Start of Exercise material

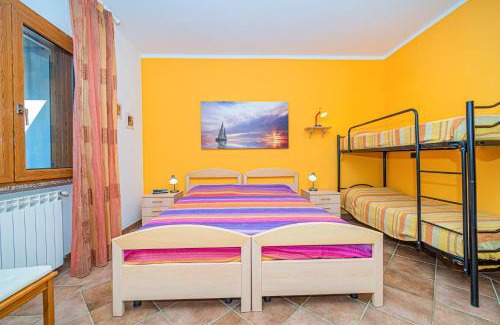 Capoliveri Apartment | Appartamento villa da 4 fino a 5 persone giardino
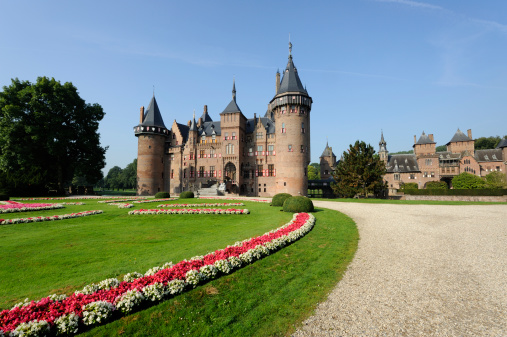Front view of castle De Haar, the largest castle in the Netherlands. From 1892 on it was rebuilt on an ancient ruin, in neo-gothic style and inspired by the Middle Ages. The 15th century walls were restored and integrated in the new design. It took 20 years to complete the entire project.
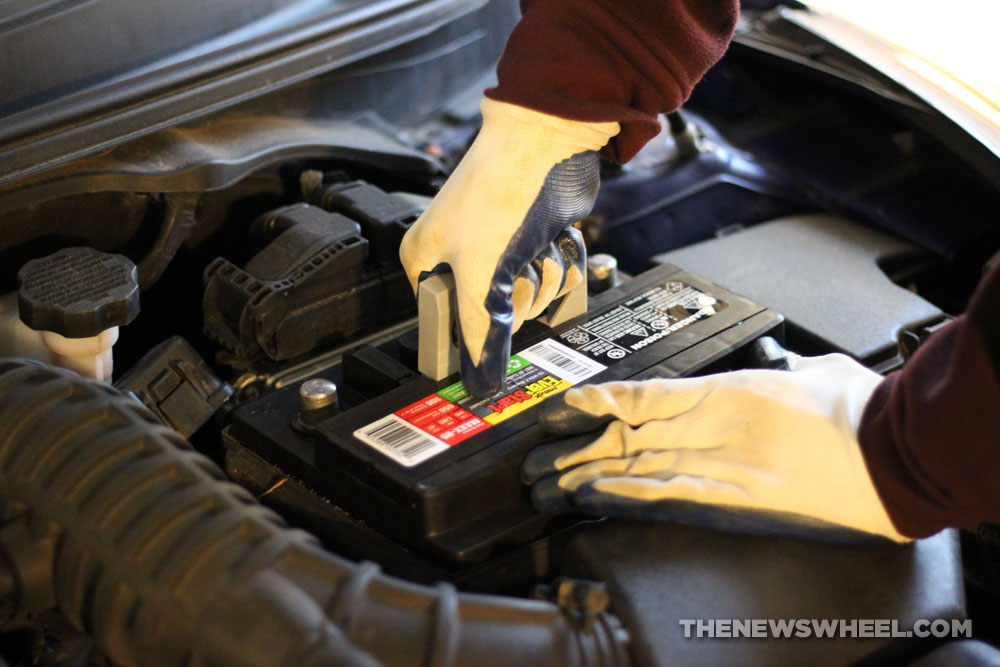 Installing new car battery in engine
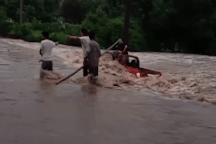 Ô tô bán tải mắc kẹt giữa dòng nước lũ, 2 người may mắn thoát chết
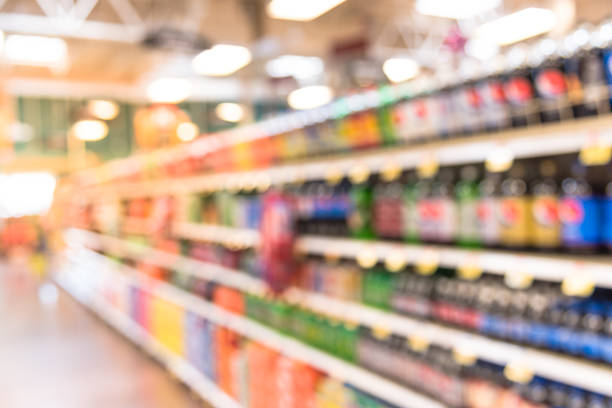 istock Abstract blurred soft drinks aisle in American store 960251924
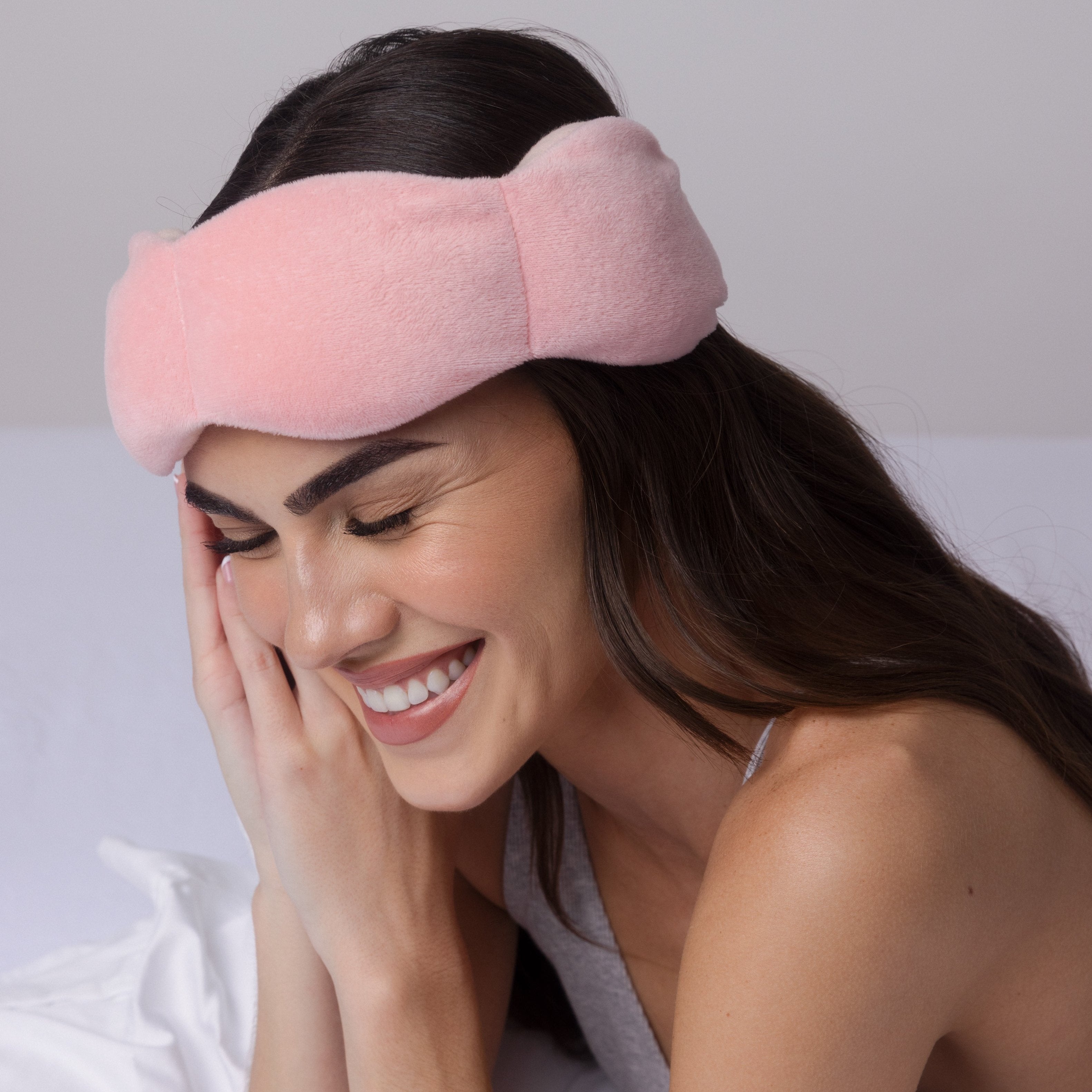 Woman wearing a pink eye mask on a neutral background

End of Exercise material

■ **What you need to do**
Leave the pictures out and reproduce exactly the lines from the line with "Installing new car battery in engine" to the end of the material above.

■ **Response to the task**
 Installing new car battery in engine
 Ô tô bán tải mắc kẹt giữa dòng nước lũ, 2 người may mắn thoát chết
 istock Abstract blurred soft drinks aisle in American store 960251924
 Woman wearing a pink eye mask on a neutral background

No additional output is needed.